Corporations Take The Lead On Gun Restrictions

Corporations+Take+The+Lead+On+Gun+Restrictions

Another heartbreaking mass shooting occurred at Stoneman Douglas High School on February 14, resulting in 17 students and faculty members dead. The nation was once again drawn into the controversial debate regarding gun violence. On one side, people with the National Rifle Association (NRA) — America’s longest-standing organization that advocates for gun rights, insisted that guns are not the target to blame. The NRA claims it is the enforcement of mental health laws, not new gun restrictions, that would prevent future massacres. Opposingly, the victims’ families, and survivors of the shooting aren’t giving up their fight of campaigning for stricter gun control laws. Nearly one-month has passed since the shooting took place, and what really has been done in regard to the controversy?
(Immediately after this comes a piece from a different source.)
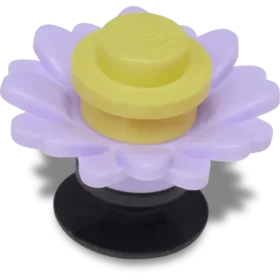 4Lw Berloques Jibbitz™ em forma de flor roxa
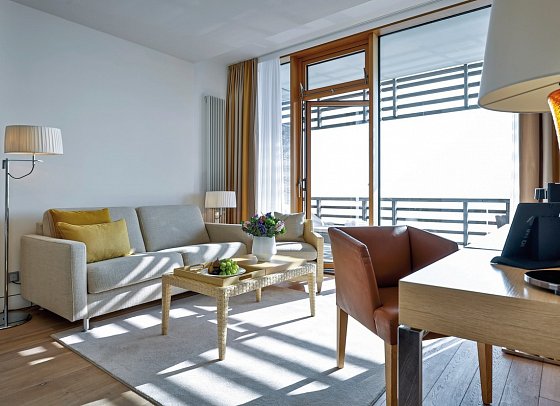 BUDERSAND Hotel - Golf & Spa - Sylt - Junior Suite 55 qm Meerblick (Zimmercodierung JBM)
Soon after the massacre, the state legislature in Florida was pressured to act. Following weeks of debate, in early March, Florida passed a bill named the Marjory Stoneman Douglas High School Public Safety Act. It requires all individuals purchasing firearms to be at least 21-years-old or older, establishes a 3-day waiting period for all firearm sales, which enables time for background checks. It also bans the sale, or possession, of bump stocks (an attachment that enables a semiautomatic rifle to fire faster). In addition, the bill provides approximately $400 million to improve school security and enhance mental health treatment, of which $67 million will be used to fund a new sheriff program. It would allow school districts to train, and arm, employees in hope that it will serve as a deterrent for future intruders attempting to commit mass shooting.

Compared to the state legislature of Florida, the federal government and Trump have done nothing. The imminent call for universal background checks and a complete database of those banned from purchasing firearms in states was impeded under the intervention of political lobbyists from the NRA. The debate over further regulating guns, and improving federal background check system, created a formidable political divide in Washington, which undermined previous attempts to impose stricter gun control laws. The House of Representative is now only planning a vote on a new grant program to educate teachers and students about how to identify signs of school violence and intervene when it breaks out.

In spite of the little effort done at the federal level, many corporations started to take the initiative to restrict gun sales, which was partially contributed by nationwide boycott against the NRA, and its business affiliates. Walmart, the nation’s largest retailer that had stopped selling AR-15s, and other semi-automatic weapon since 2015, announced that it would no longer sell firearms and ammunition to people younger than 21. Similarly, Dick’s Sporting Goods, from where the killer Nikolas Cruz purchased a gun (not the A15 used in the school shooting), said that it would immediately stop selling assault-style rifles and ban the sale of all guns to anyone under 21. Several major corporations including MetLife, Hertz, and Delta Air-Lines have also cut ties with the NRA since the Florida tragedy.

From 1999, when the Columbine shooting took place to today, nearly 20-years has passed, yet gun violence still plagues the nation as an unabated epidemic. Is the cost of “freedom” worthwhile in the face of numerous innocent deaths? How many 20-years, or young lives, should be sacrificed to get the right actions done? The questions are left for those who advocate the for so-called “freedom” at the expense of America’s future victims.